B.K.S. stands for Bellur Krishamachar Sundararaja Iyengar.  I have to confess, it is only now that I learned his full name. He was born on December 14, 1918 and died at the age of 95 on August 20, 2014. His impact on the world is huge and as far as I can tell from a distance, he was a man of great integrity. His rather sickly childhood where he struggled with malaria, tuberculosis, typhoid fever and general malnutrition, changed when, at 16 years old, he lived with the teacher who brought to India a practice that synthesized ancient hatha practices and modern gymnastics, Krishnamacharya.  Patricia Walden told us that on his 80th birthday he did 108 drop-backs – dropping into urdhva dhanurasana (wheel) from standing.  In his 90s however, he practiced more supported backbends. 

The well-known childhood story of his regaining his health through his yoga practice and then giving this learning to his teaching, speaks of taking the circumstances of one’s life and turning them into something great – not so much great because he has become so famous but great because his learning has become meaningful and something of beauty.  I don’t know that I am as tireless in his process of transforming life events into greatness but I take inspiration from it.

The Iyengar system of teaching yoga is famous for its use of props that are meant to help us attain the benefit of a pose when our bodies are not quite able to find the necessary alignment.  According to an article in the New Yorker, he developed his use of props as a result of being asked by Krishnamacharya to travel and demonstrate yoga and experiencing first hand the dangers of pushing oneself into poses prematurely.  Consequently, he developed a slower, more systematic way of practicing including the use of props.

One of the stories about him that make up my yoga world is of him asking his assistants to put someone into a pose using props in a particular way.

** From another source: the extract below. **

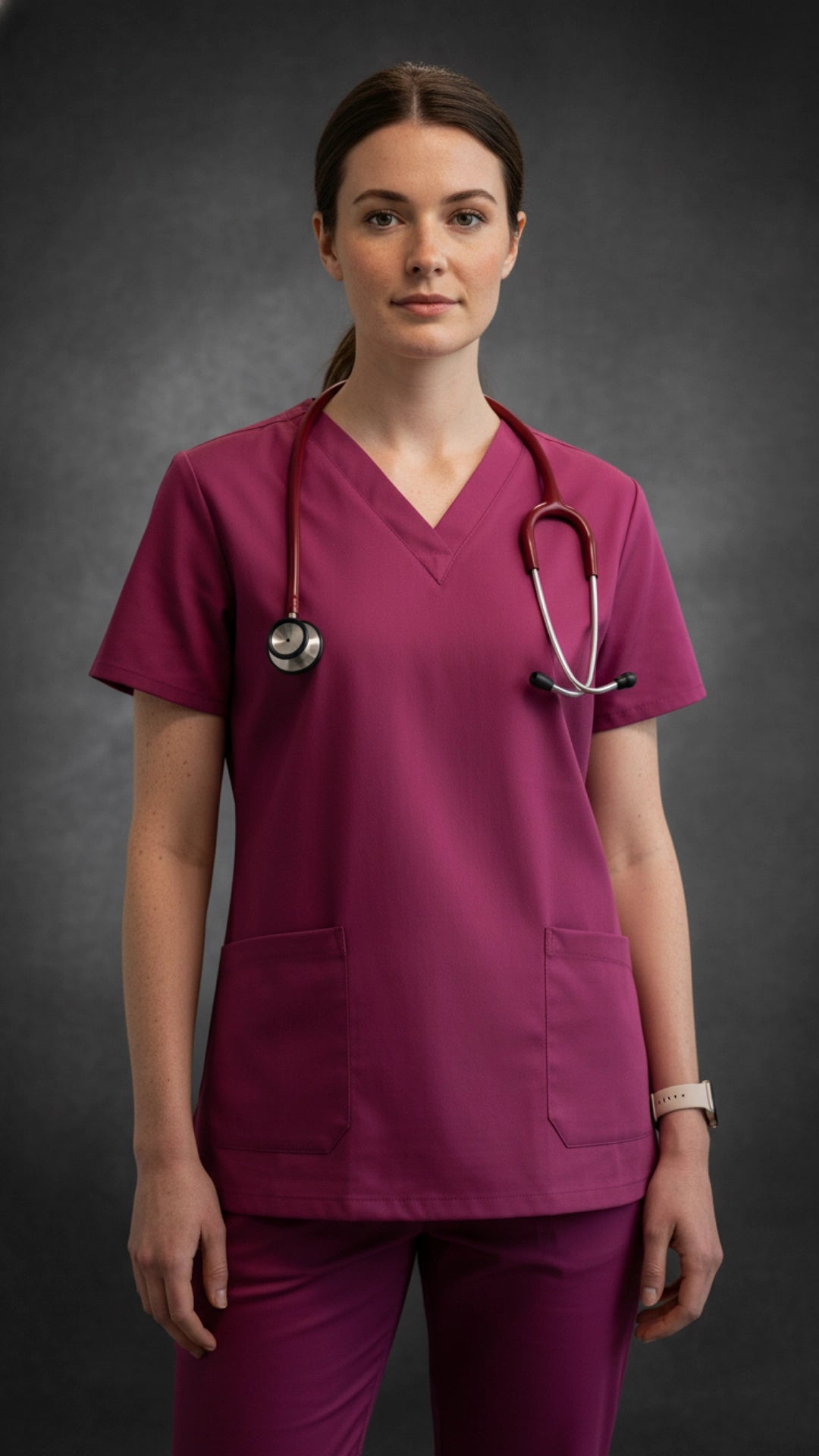 Dark Pink Unisex Scrub Tunic – V-Neck Professional Medical Workwear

When he turned to look at that person he said no, that is not right, we must try another way.  This capacity to see so clearly and make adjustments according to that clarity of seeing is a metaphor for how to live. 

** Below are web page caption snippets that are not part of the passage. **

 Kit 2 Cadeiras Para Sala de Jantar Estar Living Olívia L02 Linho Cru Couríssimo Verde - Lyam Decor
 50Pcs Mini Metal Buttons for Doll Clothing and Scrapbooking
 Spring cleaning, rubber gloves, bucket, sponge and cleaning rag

Last July in Durango, Patricia quoted Mr. Iyengar as saying, “God is in the precision.”  I have thought about this again and again.  As I now begin learning Manual Lymphatic Drainage where my hands must be extremely precise and sensitive, I think of it yet again in a different situation.  Mr. Iyengar used great precision in the alignment of poses and he is both highly respected for it and sometimes criticized for it.  He also teaches great precision in the pranayama practice as to how one sits, moves ones skin and places one’s fingers on the nose.  Sometimes I think I feel, rather than understand intellectually, what he means by, “God is in the precision.” 

Thank you,  Bellur Krishamachar Sundararaja Iyengar, for all that you have given to the world.